At the end of a semester, despite or because of the flurry of grading, late assignments, and paperwork, it is inevitable to get reflective. Right now, the experience of this ritual is complicated by another class, a short (3-week) flurry of listening and writing that I just call “Writing About Music,” during the first summer term.
The class is intended for non-musicians and is listed as a section of “Introduction to English Studies,” so the parameters are different than when I teach writing to writers or music to musicians. Finding terminology and interpretive language that avoids jargon or technicalities can be difficult, but it is an enlightening approach to the foundational concepts of the English discipline. Music is a text like any other, but it is sometimes deemed inaccessible as an artifact for analysis to the non-expert.
At the same time, I am assessing my Spring-term first-year writing course and the challenges of the semester.

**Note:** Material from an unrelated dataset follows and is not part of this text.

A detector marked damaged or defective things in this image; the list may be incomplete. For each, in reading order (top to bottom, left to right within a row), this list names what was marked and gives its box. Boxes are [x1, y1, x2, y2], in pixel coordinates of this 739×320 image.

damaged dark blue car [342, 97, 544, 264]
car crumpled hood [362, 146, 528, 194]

Thinking about music through a different medium has been helping me identify areas of rigidity or habit that have crept into my first-year writing delivery. I often tell clients that even academic writing can and should be active and fun, both to read and to write. My insistence on this claim is likely informed and strengthened by my own entry into writing, which was via music.

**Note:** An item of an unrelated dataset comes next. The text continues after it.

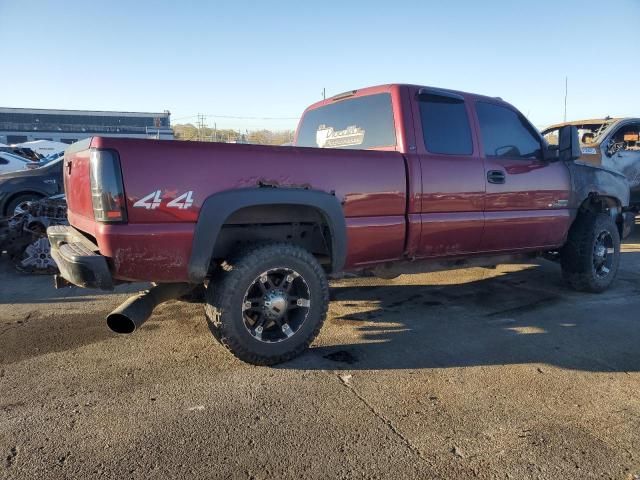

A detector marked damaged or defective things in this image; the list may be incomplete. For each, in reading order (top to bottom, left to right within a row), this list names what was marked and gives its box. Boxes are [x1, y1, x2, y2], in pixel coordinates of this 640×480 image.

wrecked vehicle [544, 118, 640, 206]
wrecked vehicle [0, 195, 66, 274]
damaged rear bumper [47, 225, 114, 288]
wrecked vehicle [48, 85, 636, 364]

I need to apply some of my own advice. I need to develop new writing assignments that broaden the scope of analysis and embrace the musicality of language. Writing has rhythm, but it also has timbre, texture, and even melodic contour. Expressing those ideas can lead to some vagueness and often requires symbolic language that is not always appropriate in academic writing. But sometimes it is appropriate. I think my first-year curriculum has stiffened over the years and I’m compelled to free it up a little, so I am grateful for this 3-week reminder that language is music.